To do:
The answer is an exact copy of the lines from the one with "لكزس IS 350" to the end of the listing below, pictures left out.

Data provided:
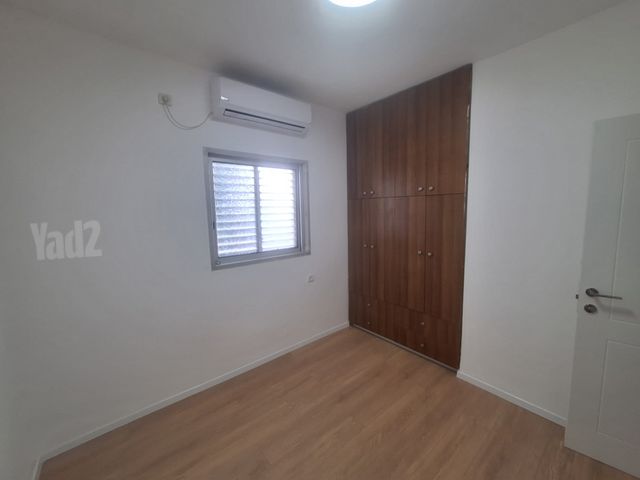Petah Tikva, Israel 4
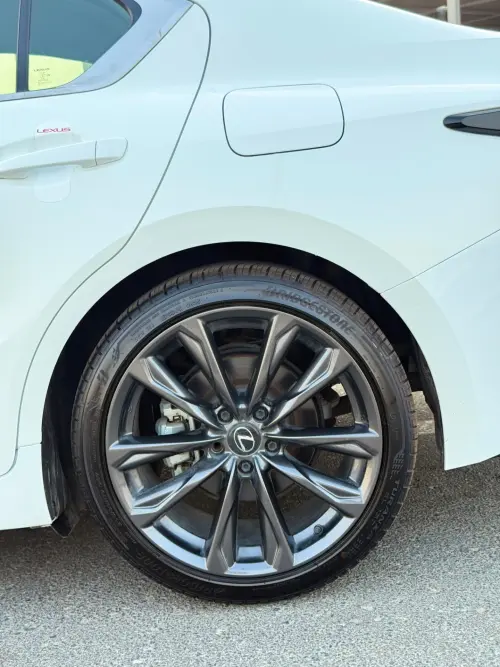 لكزس IS 350 F Sport 2024 مستعملة 3 5 بنزين - لون أبيض
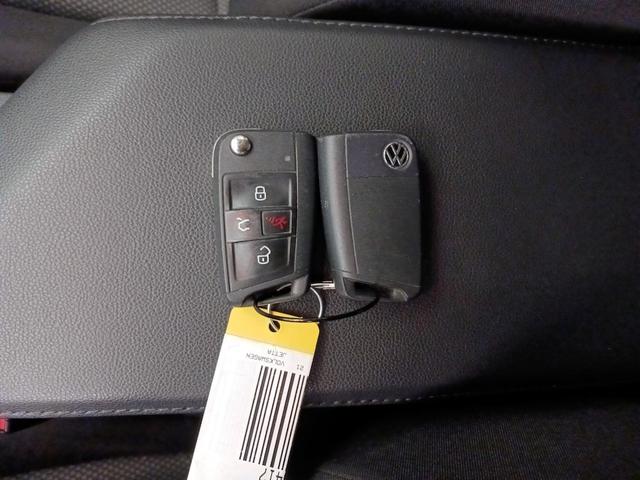 Photo of 2021 Black Volkswagen Jetta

Exercise output:
 لكزس IS 350 F Sport 2024 مستعملة 3 5 بنزين - لون أبيض
 Photo of 2021 Black Volkswagen Jetta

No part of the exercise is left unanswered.